En 2008, la deuxième année du projet, les compétences des experts en technologie ont été évaluées et on a identifié ceux qui rencontraient les exigences et qui pouvaient participer à la recherche : 3 experts venant des États-Unis et 2 venant du Canada.  Le groupe de recherche a ensuite développé, avec les experts en technologie, le protocole pour diriger le processus de la recherche, y compris la planification des tâches à accomplir, la méthode de recherche à utiliser et un guide délimitant, étape par étape, le cheminement des rencontres de recherche. On a réservé les services de PRCVI du Ministère de l’Éducation du Manitoba et ceux de l’INCA pour transcrire deux tâches que les experts pouvaient revoir et lire. On a choisi neuf échantillons braille venant de matières scolaires techniques telles que les mathématiques, la chimie, le calcul, l’informatique, etc.  Aussi, les superviseurs des experts ont soumis des échantillons en tant que tâches familières. On a transcrit ces échantillons dans les deux codes BAU (UEB) et en Nemeth. L’équipe de recherche et les experts se sont rencontrés à Ottawa pendant deux jours en juin 2008 afin de compléter les activités de recherche et tenir des discussions avec un groupe témoin. On est en train de préparer les rapports liés aux tâches de la recherche. Ces données seront analysées par les chercheures Cay Holbrook and Ann MacCuspie.

Les membres experts en enseignement et en technologie de l’ACB qui ont participé à ce projet l’ont trouvé très excitant. Les résultats de ce projet seront importants pour ceux qui utilisent le braille au Canada.  Ces résultats serviront, dans les deux prochaines années, à animer les discussions qui se tiendront partout dans le pays à savoir si on adopte ou non le code braille.

Les travaux du Québec lies à la normalisation du braille français : l’adoption du Code du braille français normalisé

de Pierre Ferland et Guylaine Rainville

On a complété le travail lié au code braille et aux règles de mise en page.  On a revu et révisé le code pour les usagers du Québec en vue de traiter de quelques caractéristiques uniques au français du Québec non comprises dans le document international.  Par la suite, le CQCB (Comité québécois de consultation sur le braille) a adopté un document le 23 mai 2008 qui relève de l’OPHQ (Office des personnes handicapées du Québec).

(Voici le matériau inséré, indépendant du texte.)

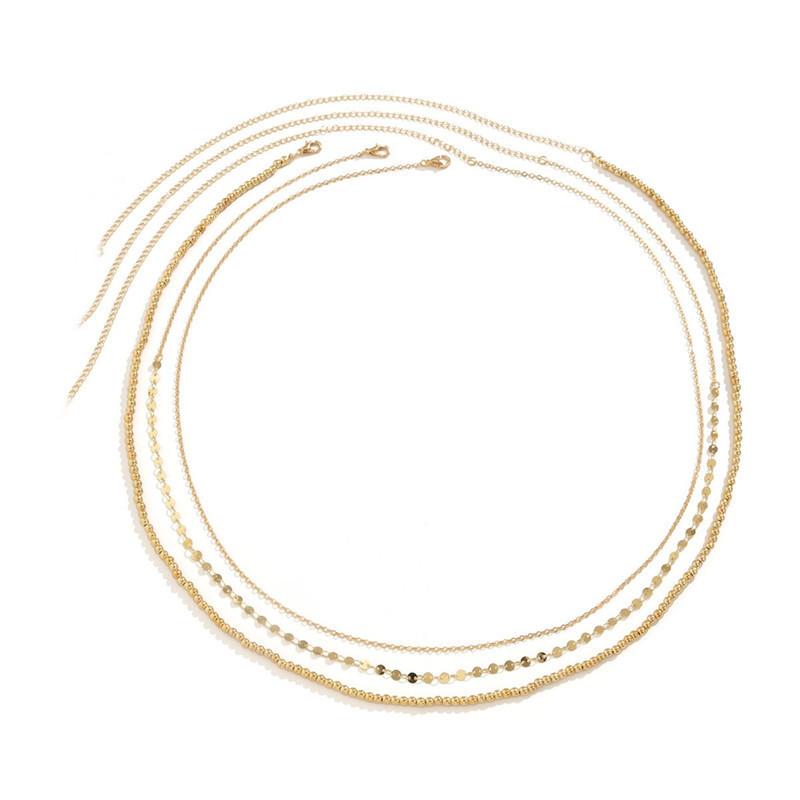 Europe, America, Sexy and Trendy, Cool Stacked Alloy Waist Women, Multi-layer Versatile Sequined Bead Chain Waist Chain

L’implantation du nouveau code braille au Québec commencera en septembre 2009.  Tous les réseaux se sont mis d’accord pour travailler avec ce nouveau code.

Encore à faire:

Sur le plan international, on planifie commencer les travaux liés au braille français contracté et on est résolu d’atteindre cet objectif.

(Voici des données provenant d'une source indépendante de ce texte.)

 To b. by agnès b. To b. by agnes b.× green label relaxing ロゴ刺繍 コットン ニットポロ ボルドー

Au Québec, le code mathématique (qu’on appelle Antoine) continue à être revu et évalué. On a complété une première étape liée aux exigences de la transcription.  Des conclusions préliminaires indiquent qu’avec une meilleure compréhension et qu’avec quelques ajouts et adaptations, le code Antoine pourrait probablement servir au Québec.  Une délégation provinciale rencontrera sous peu des collègues de la France pour confirmer ces conclusions.

Le projet des normes pour le code du braille français

De Guylaine Rainville

Notre projet de recherche a identifié à peu près 50 usagers de braille, des agences et des organismes ayant possiblement à faire au braille français dans chaque province canadienne autre que le Québec. Nous avons fait circuler un sondage, dans les deux langues, pour sonder la réalité du braille français au Canada à l’extérieur du Québec et nous avons reçu moins de 15 réponses. Bien que la compilation finale ne soit pas complétée, les données préliminaires indiquent qu’une grande partie des usagers du braille français, à l’extérieur du Québec, ne travaillent pas avec le code français.

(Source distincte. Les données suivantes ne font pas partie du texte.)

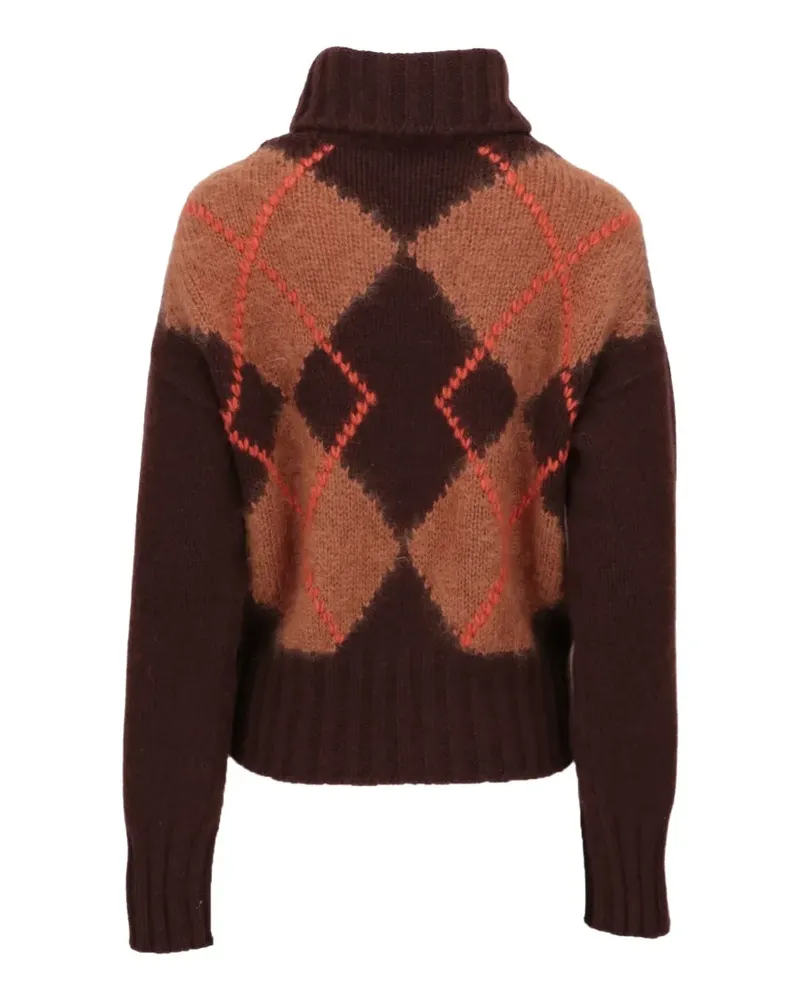 Isaia argyle roll-neck sweater - Braun Braun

Pesqu’au même moment, à l’automne dernier, on a tenu deux ateliers,  le premier à la Conférence annuelle de L’INCA (à la fin octobre) et le deuxième à la Conférence canadienne des enseignants en vision (à la mi novembre).  À l’aide de ces ateliers, nous avons rejoint un total d’à  peu près 15 participants.  Pour la plupart, c’était leur premier contact avec le code du braille français (le vieux et le nouveau!). Les gens ont apprécié les présentations et demandaient de recevoir des mises à jour au fur et à mesure des développements.  La majorité des participants ont exprimé leurs inquiétudes au sujet du manque de lignes directrices pour régir l’introduction et l’usage du braille français en contexte anglophone.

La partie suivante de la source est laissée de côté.